B.C. seniors' advocate says more needs to be done following landmark residential care survey

Findings presented Friday by Isobel Mackenzie after 22,000 residents from 292 residential care facilities were surveyed showed 62 per cent say they did not get a bath of shower as often as they want. One in four don't get assistance to go to the bathroom when required.

Isobel Mackenzie hopes staffing levels at facilities will increase supports for seniors

Seniors Advocate Isobel Mackenzie addresses a gathering in Vancouver, B.C., Thursday, May, 21, 2015. (THE CANADIAN PRESS/Jonathan Hayward)

British Columbia's seniors advocate says half the seniors living in provincial residential care facilities rate their quality of care as good or excellent but almost as many say they don't have any friends to do anything with in their facility.

Taken as a whole, we need to do better, and in some cases, much better- Isobel Mackenzi, B.C. Seniors' Advocate

Isobel Mackenzie released a landmark report Friday, billed as the largest survey of its kind in Canada of elderly people living in B.C.'s residential care facilities.

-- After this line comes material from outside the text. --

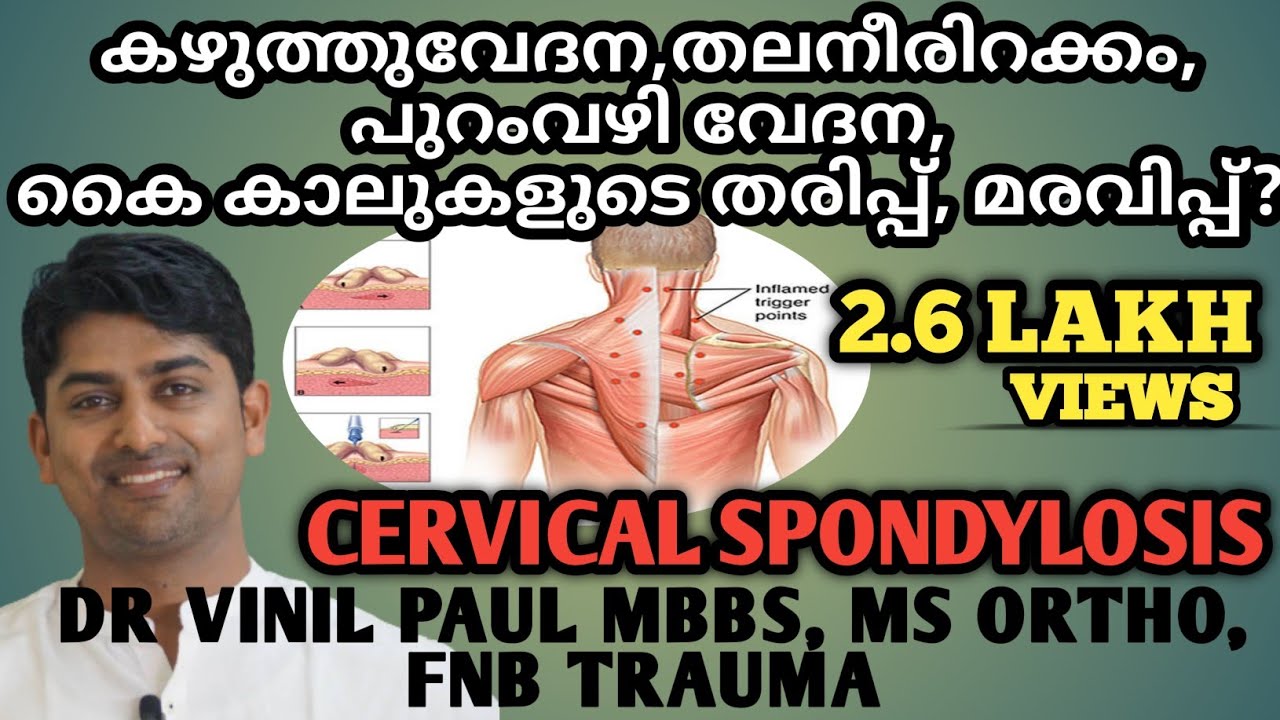 EP11: CERVICAL SPONDYLOSIS | NECK PAIN MALAYALAM | കഴുത്തു വേദന | DR VINIL PAUL | ORTHO TIPS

"You will read in the report of residents who are waiting too long to get the help they need, who are frustrated by the rigidity of fixed schedules and who want to have more to do and people they can talk to," she said.

The residential care survey conducted by volunteers for B.C. Seniors' Advocate looked at the experience of more than 22,000 individuals living in 292 residential care facilities in the province. (Carsten Koall/Getty Images)

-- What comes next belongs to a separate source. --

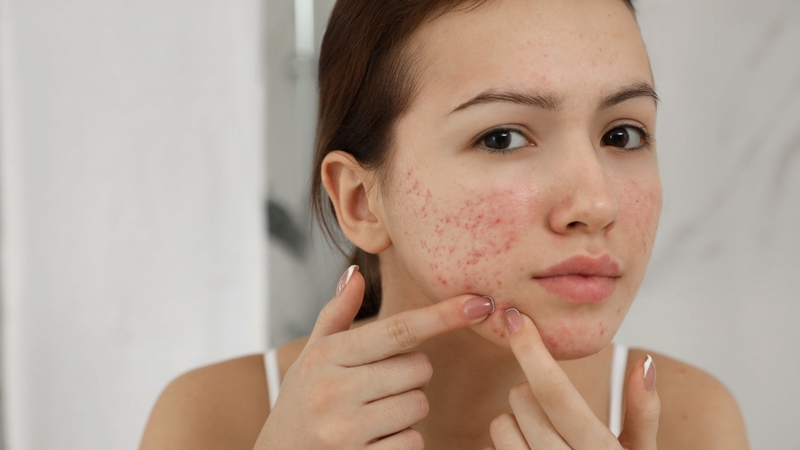 Dùng BHA có trị thâm mụn không?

She says the two-year project involved 22,000 people living in such facilities and makes eight recommendations after conducting thousands of interviews with seniors.

Recommendations

  • Increase staffing levels in care facilities.
  • Increase flexibility around when and how services and activities are delivered.
  • Increase activities for weekends and evenings.
  • Provide better physician care.
  • Examine opportunities to improve the meal time experience.
  • Provide ongoing education for all care stall on the importance of resident emotional well-being.
  • Do a follow up survey in two years.
  • Foster greater engagement with family members.

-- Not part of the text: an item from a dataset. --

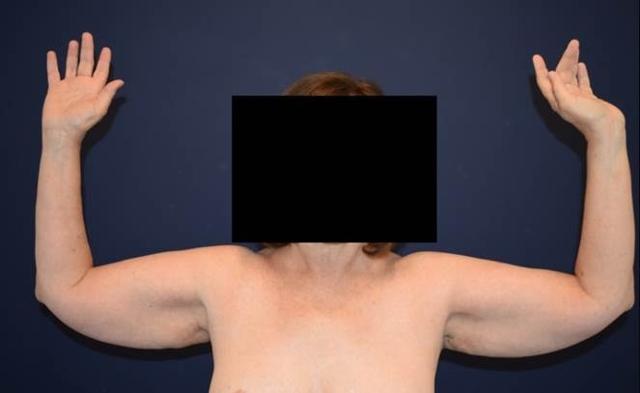 Arm Lift before at Dr. Adam Basner Plastic Surgery in Timonium, MD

The survey was funded by the provincial government and residents were asked about aspects of their experience including food, personal hygiene, social life and access to physician care.

The results were mixed — while four out of 10 residents living in residential care said they did not want to be there, 77 per cent said that they would likely recommend their facility to others.

Forty-six per cent of residents report that there is no one living in the facility that they consider a close friend and 45 per cent report there is no one for them to do things with. (CBC News)

Mackenzie says many seniors say they want more flexibility in their lives, including less regulated meal times, improved activities and increased interactions with others.

The advocate says almost 90 per cent of those questioned feel safe and almost as many say they are treated with respect, but 60 per cent say they don't get to bathe as often as they'd like.

Mackenzie said there was serious room for improvement.

"The number one thing that stood out was the diversity of opinions — regardless of the question, regardless of the facility — some residents thought that things were really great, some residents thought that things were really bad," she said.

I didn't realize there was this level of dissatisfaction- Isobel Mackenzie

"However, within that context, I think for those of us who have read the results, some things did pop out as, oh my goodness, I didn't realize there was this level of dissatisfaction."

Access to bathroom facilities is an area of concern — one in four residents said they only sometimes, rarely, or never get help to the toilet when needed.

"We really need to do better than that," said Mackenzie.

More staff

Mckenzie says she hopes the survey will help bolster staffing levels.

In the spring, the provincial government announced it would spend $500 million to improve care for seniors, including increasing the direct services the elderly receive at residential care facilities.

"My expectation is that we will see a continued commitment to increased care staffing. We may see an acceleration at how quickly staffing levels are increased," she said.

"And I think there that there's going to be a discussion within the care community about these results and how we can improve things."

She hopes to review what progress is made on the recommendations in her report in two years.